This phase also applies early analytical tools. Conceptual search and machine learning can identify documents that are likely relevant or likely privileged before human review begins, further reducing review volume by filtering out calendar invitations that don't mention the disputed topic, routine administrative emails, and duplicate copies of already-reviewed documents. The filtering and analysis happen under attorney supervision, balancing volume reduction against the risk of accidentally filtering out relevant information.

Review, Privilege Protection, and Production

The most expensive phase of e-discovery is review — lawyers reading through documents to assess whether each one is relevant to the dispute and whether it's privileged. A typical review team consists of senior attorneys making privilege decisions and junior attorneys or contract reviewers assessing relevance. Relevance sounds clear until you're actually reviewing and you encounter documents that are tangentially related to the dispute, or that are part of a chain of communications where some are relevant and some aren't.

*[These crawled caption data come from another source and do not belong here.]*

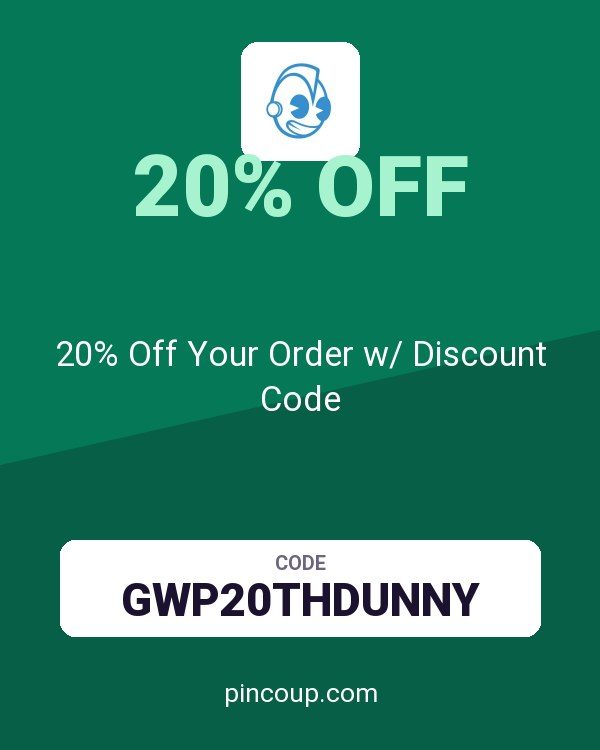 Kidrobot coupon: 20% Off Your Order w/ Discount Code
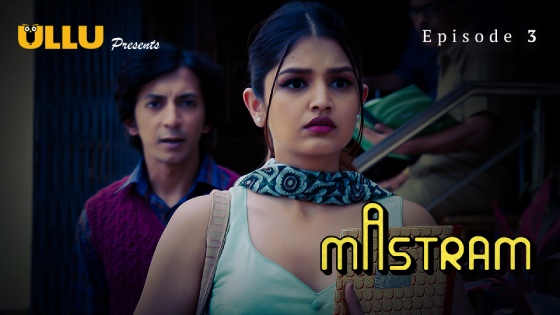 Mastram Part 2 – S01E01 – 2023 – Hindi XXX Web Series New – Ullu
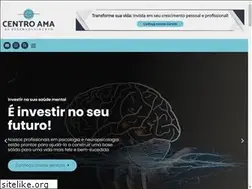 Sites similar to centroamadesenvolvimento.com.br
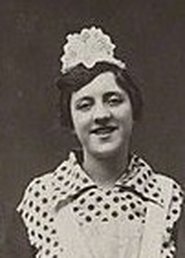 Violet Loraine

Privilege is similarly complex. Is a document attorney work product? Is it a confidential communication with the client for the purpose of getting legal advice? Or is it business information that happens to have been shared with a lawyer but is discoverable? Inadvertently producing privileged information is a serious mistake — it can waive privilege in that information and expose client strategies to the opposing side. Many organizations use privilege logs to document what information was withheld and why, and technology assistance includes privilege filters that identify documents containing terms commonly associated with legal advice and workflows that route potentially privileged documents to senior attorneys.

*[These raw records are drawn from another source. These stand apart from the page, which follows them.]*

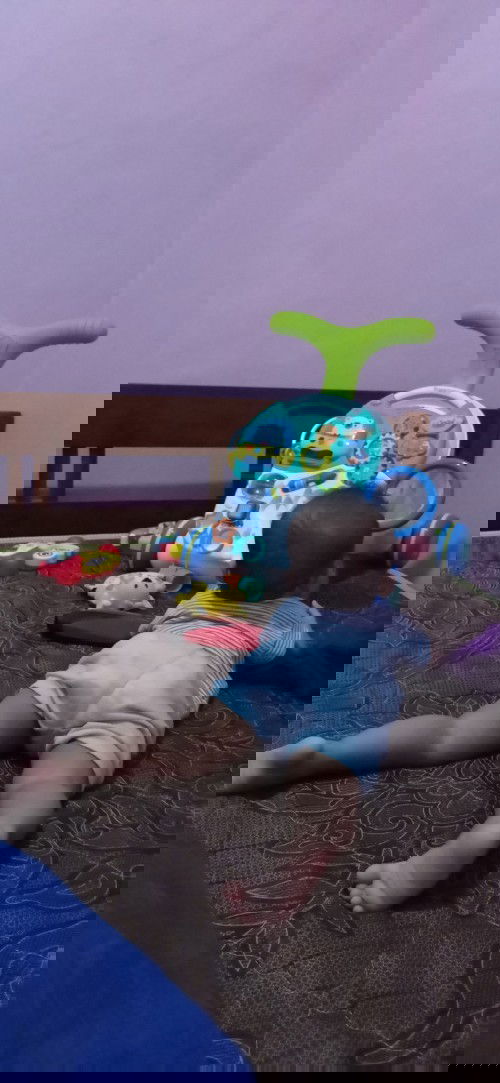 Mau jual push Walker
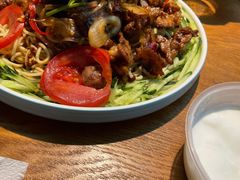 -新疆亚克西音乐餐厅(南方花园店)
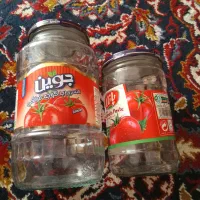 شیشه ی خالی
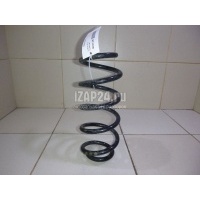 Пружина передняя VAG A7 (4G8) (2011 - 2018) 4G0411105D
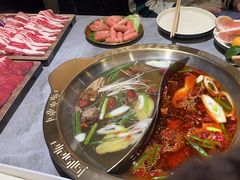-伊尚宫·清真广式早茶.韩式烤肉·火锅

Once documents have been reviewed and privilege has been asserted, production follows — providing the non-privileged documents to the opposing side in a specified format. Many discovery agreements specify that documents be produced in native format with metadata preserved. Others specify image format (TIFF or PDF) with metadata provided separately. Large productions involve transferring terabytes of information on encrypted external drives, through secure file transfer, or through specialized discovery platforms. The production needs to be defensible with documentation showing what was produced, when, and in what format.

Cost, Proportionality, and IT's Role in Negotiation

E-discovery cost is one of the biggest stressors in modern litigation. Federal Rule of Civil Procedure 26(b)(1) requires that discovery be proportional to the needs of the case, considering the importance of the issues, the amount in controversy, the parties' resources, and the importance of the discovery in resolving the issues. Rule 26(b)(2)(B) addresses proportionality of electronically stored information specifically, allowing courts to limit discovery if the burden or expense outweighs the likely benefit.

This creates a framework where parties can challenge discovery requests as disproportional. An email search across ten years of archive tapes finding a handful of relevant emails at a cost of hundreds of thousands of dollars is discovery a court may deny or require the seeking party to pay for. Early in litigation, parties negotiate the scope of discovery — what custodians will be searched, what date ranges will be covered, what search terms will be used, what systems will be searched, and what limitations will apply. A production covering three custodians and a two-year date range is very different in scope and cost from fifty custodians and ten years of data.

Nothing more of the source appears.